Los resultados de 2,3 millones de respuestas repartidas por todo el globo, publicados hace un par de semanas en 'Nature', revelan un cierto código moral básico transversal. Globalmente, hay una tendencia compartida a preferir salvar a humanos antes que a animales, los más jóvenes y cuantas más personas mejor. Pero si miramos los detalles, los datos son heterogéneos y demuestran que las diferentes culturas se dividen en tres grandes grupos (etiquetados como occidentales, orientales y meridionales), que expresan preferencias divergentes. Así, en las meridionales (América Latina, Francia, norte de África) salvarían antes a las mujeres, los niños y los individuos de nivel social elevado. En cambio, en las orientales (Próximo Oriente) valoran más a las personas de edad avanzada y a los hombres. Y en las occidentales (donde estamos incluidos) cuenta más el número de personas y la juventud.
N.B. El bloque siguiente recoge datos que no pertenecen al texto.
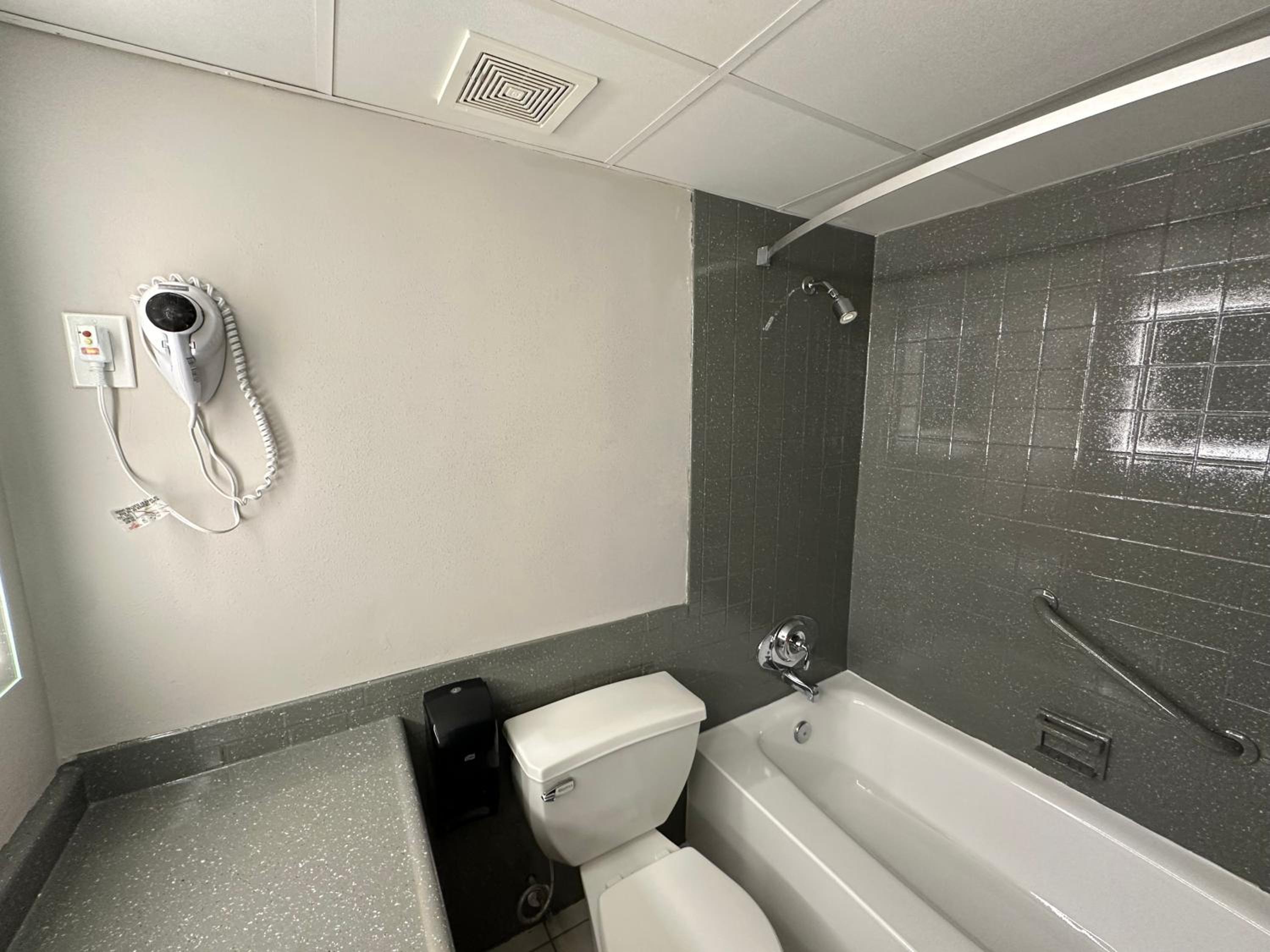 King Room - Non-Smoking photo 3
La conclusión de este estudio es que nos costará escribir las instrucciones para programar los coches autónomos, como nos cuesta estar de acuerdo a la hora de definir los derechos humanos básicos y cómo debemos asegurarnos de que todo el mundo pueda disfrutar de ellos. Cada nación y cada cultura tienen sus líneas rojas en cuanto a la igualdad, la libertad de pensamiento y de expresión y el alcance de la fraternidad que están dispuestas a desempeñar. Debemos aceptar que la variedad cultural que nos hace tan interesantes es también un obstáculo a la hora de elegir una estrategia que nos permita avanzar hacia un futuro mejor. Pero esto no quiere decir que tengamos que darnos por vencidos y dejar de luchar para que el mínimo común denominador sea cada vez mayor.